La scénographie a été pensée pour être modulable et a été réutilisée à hauteur de 65 % pour l’exposition suivante, La Forêt magique Ainsi, avec l’espace de La Rotonde le musée utilise la scénographie de façon ingénieuse pour l’adapter à des narrations différentes d’une exposition à une autre.

Le retour des visiteurs a été très positif :

« J’ai été très surprise en bien par le parcours et la scénographie autour du processus de création des deux œuvres, de l’évolution de la peinture de Goya, avant le clou final avec les deux tableaux “Les vieilles” et “Les Jeunes”. Les musiques rythmées et graves diffusées nous aident à nous plonger dans cet univers sombre de Goya. »

La technologie et les reproductions numériques ont contribué à remplacer les pièces originales manquantes dans le récit scientifique du parcours d’exposition.

L’analyse du discours des visiteurs juste après l’expérience démontre qu’ils ont apprécié le mélange de ressources audiovisuelles et numériques telles que les films, la musique, les reproductions numériques et animées d’œuvres d’art pour créer un environnement immersif :

« J’ai été surpris par la diversité des moyens utilisés pour cette exposition.
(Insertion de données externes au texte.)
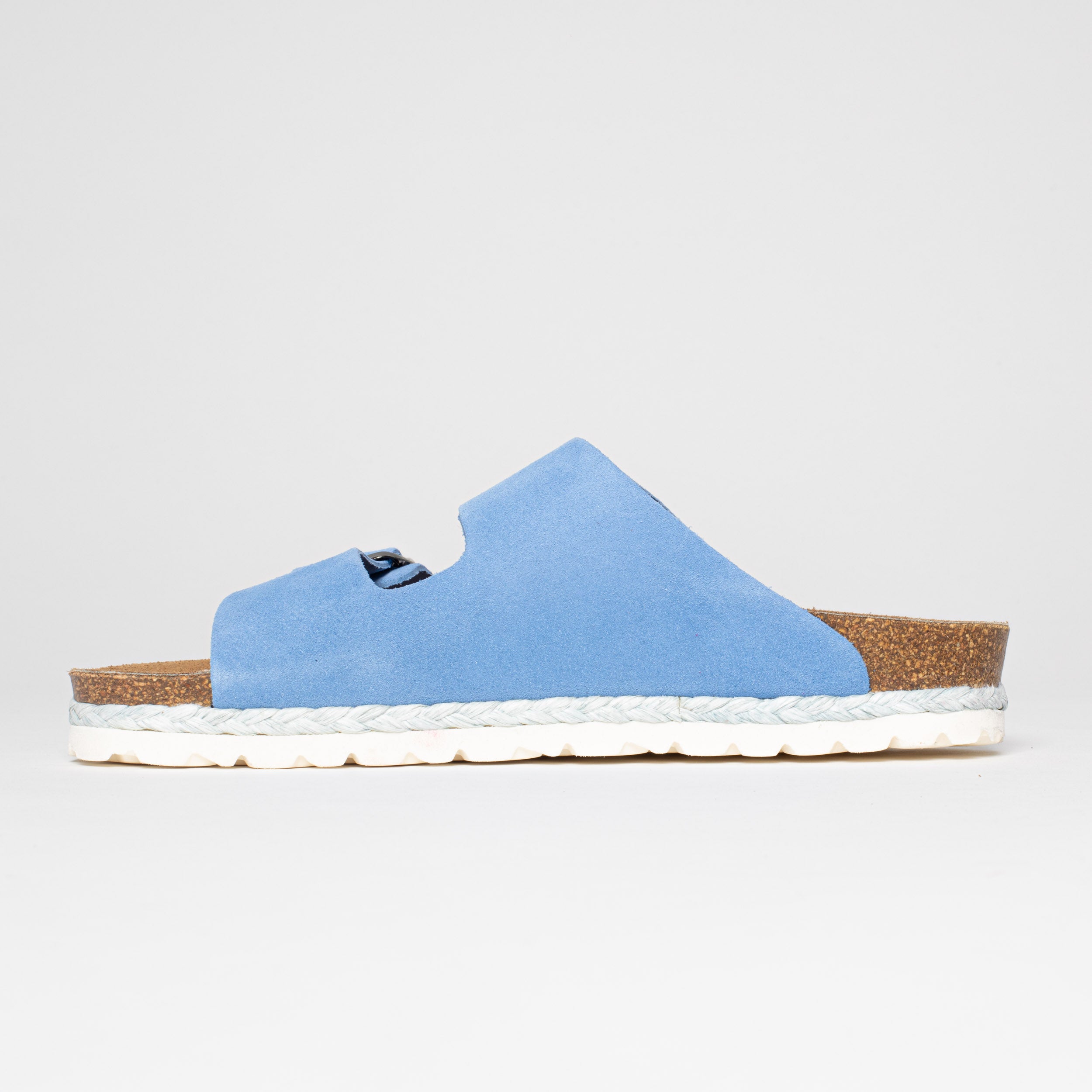 Benalla Blue Suede Leather 2 Strap Sandals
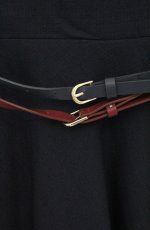 画像2: an another angelus / ダブルカラーベルトフレアースカート  ネイビー O-26-04-27-016-CA-SK-IG-OS (2)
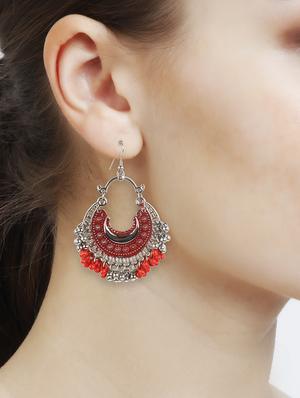 red metal chandballi earring - 16800920 - Standard Image - 4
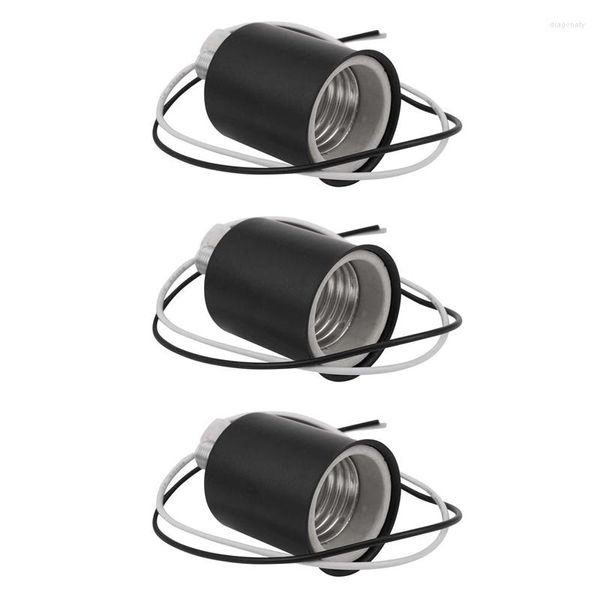 Lampenfassungen 3x E27 Keramikschraubsockel Runder LED-Glühbirnensockelhalter Adapter Metall mit Draht schwarz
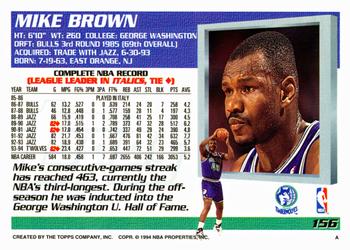 1994-95 Topps #156 Mike Brown Back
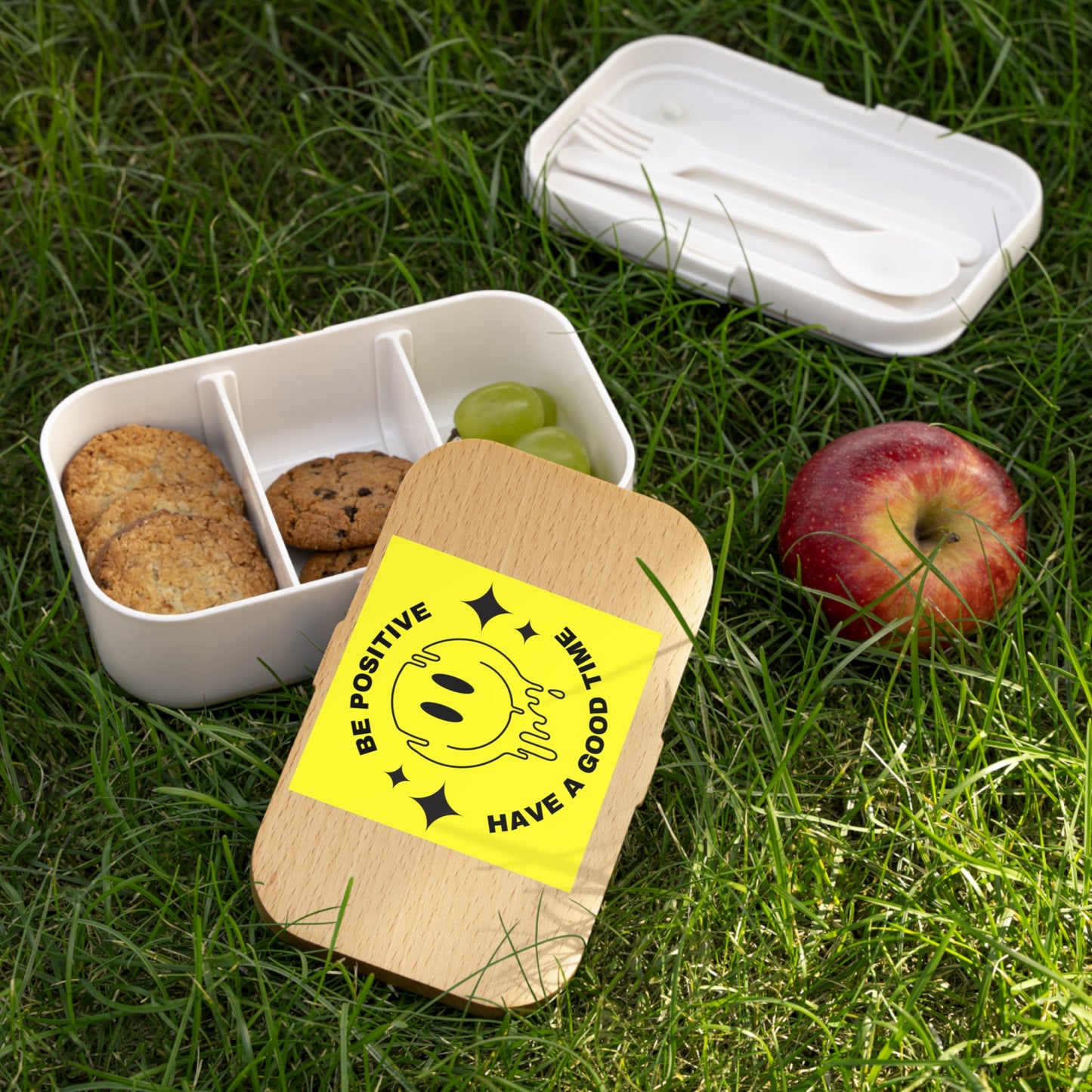 Be Positive Smiley Bento Lunch Box — Motivational Vegan Snack Box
À la fois des diffusions cinématographique, des ambiances musicales, la luminosité, une galerie complètement digitalisée et étonnement j’ai beaucoup aimé cette diversité dans les techniques scénographiques. La scénographie est très importante je pense pour l’expérience, et je pense que l’exposition “Expérience Goya” porte bien son nom ! »
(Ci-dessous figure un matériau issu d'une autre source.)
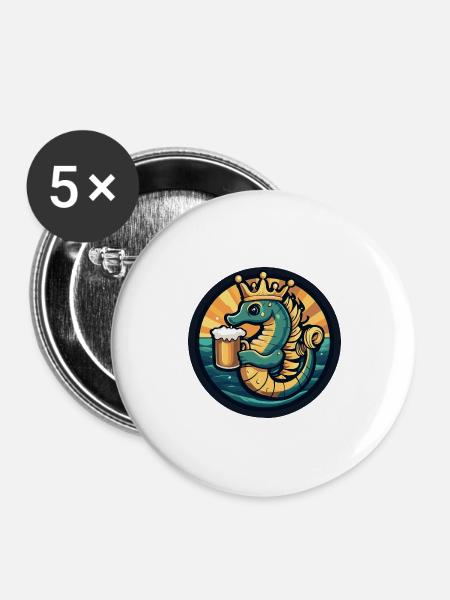 Seepferd Bier - Buttons groß 56 mm (5er Pack) - Weiß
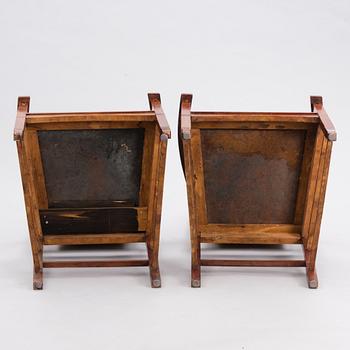 A pair of early 20th Century Jugend style open armchairs.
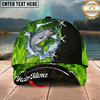 Maxcorners Fishing Cap Neon Green Catfish Design Multicolor Options Personalized Name (12 Fish Species)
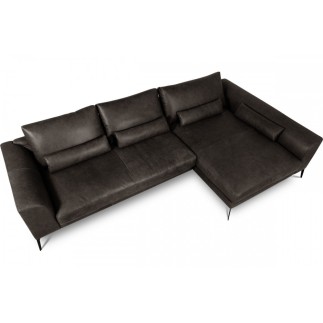 Canapé d'angle BERRY en 100% TOUT cuir italien de prestige, noir, angle droit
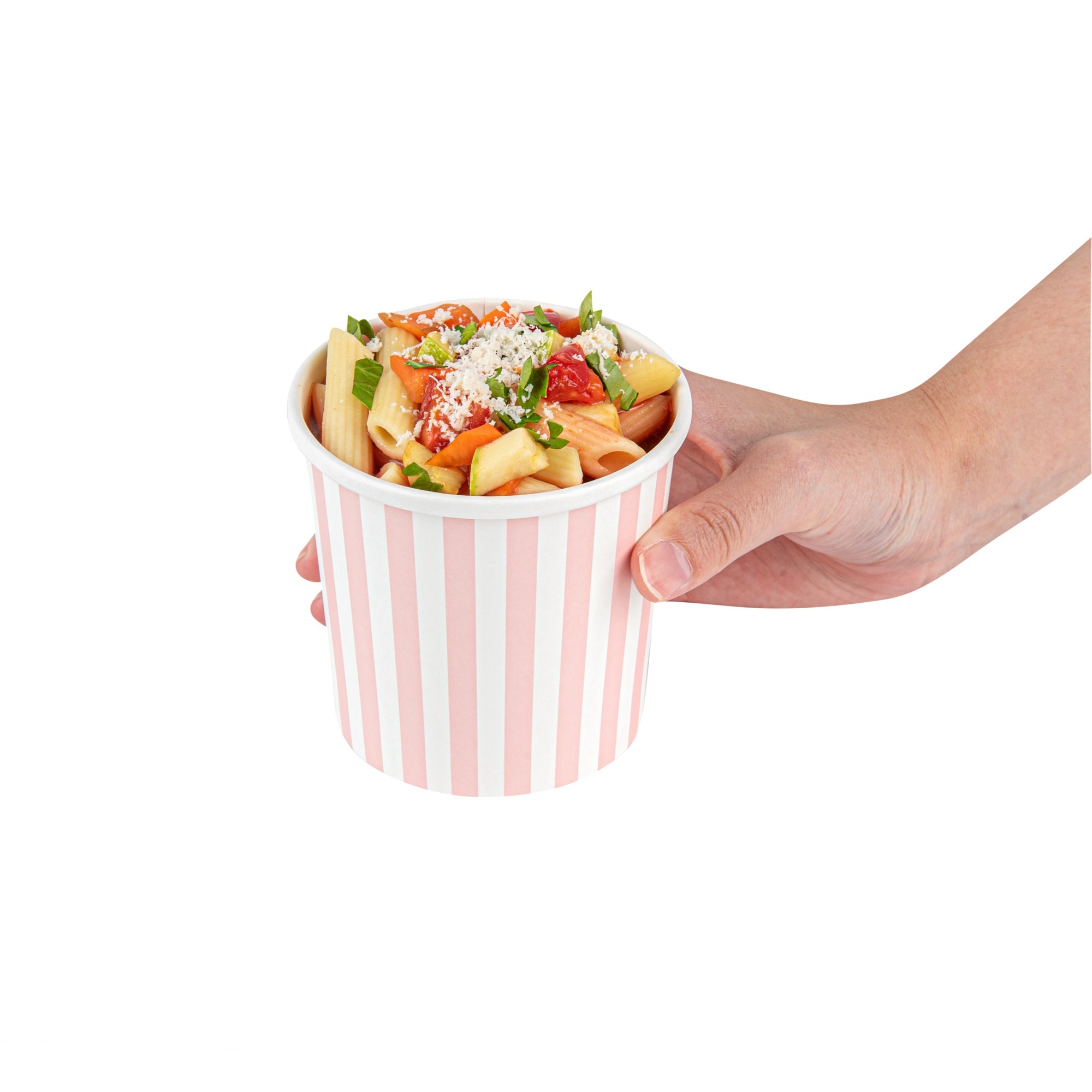 Bio Tek 12 oz Round Pink and White Stripe Paper Soup Container - 3 1/2" x 3 1/2" x 3 1/2" - 25 count box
Comme nous l’ont expliqué Mathilde Chikitou (coordinatrice) et Sacha Mitrofanoff (scénographe), l’exposition « Félins » qui débute le 22 mars 2023 au Muséum d’histoire Naturelle a été pensée selon cette même démarche d’écoconception, du sourcing des matières premières jusqu’au recyclage ou au réemploi des éléments utilisés, qu’il s’agisse du sol, du mobilier, des vitrines ou des cloisons. Les objets exposés, quant à eux, viennent pour l’essentiel de collections parisiennes.
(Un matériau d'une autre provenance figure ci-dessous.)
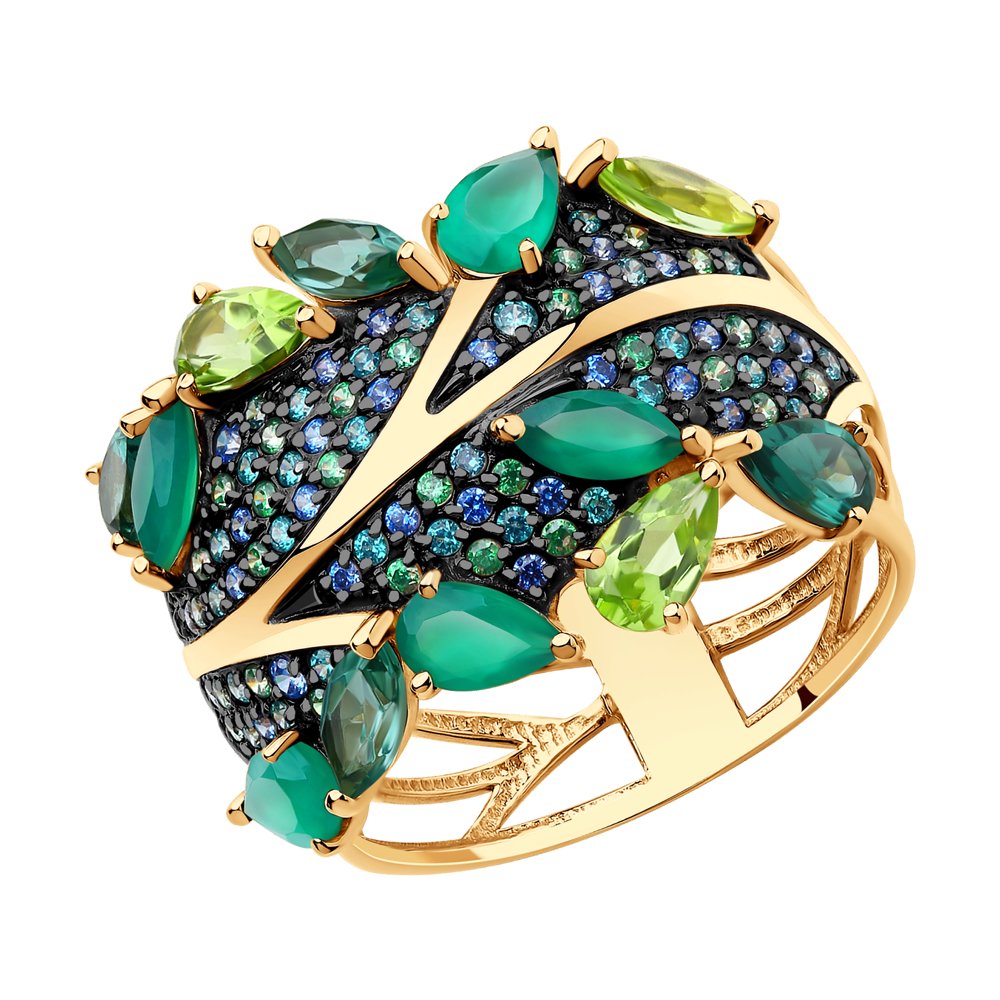 фото Кольцо из красного золота с ситаллом р. 20 sokolov 715665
On le voit à travers ces exemples, il est possible de concevoir des expositions spectaculaires et populaires dont l’impact sur l’environnement est beaucoup moins néfaste. Le CIMAM – International Committee for Museums and Collections of Modern Art – un organisme affilié à l’ICOM propose d’ailleurs un guide à destination des professionnels pour les accompagner dans la maîtrise de l’empreinte carbone de leurs expositions à venir. D’autres solutions simples et efficaces existent, par exemple rallonger le temps de l’exposition, la faire voyager au sein d’un pays, calculer ses impacts tout au long du cycle de vie, travailler avec des fournisseurs certifiés… Autant de pistes pour des expositions « blockbusters » moins néfastes pour l’environnement !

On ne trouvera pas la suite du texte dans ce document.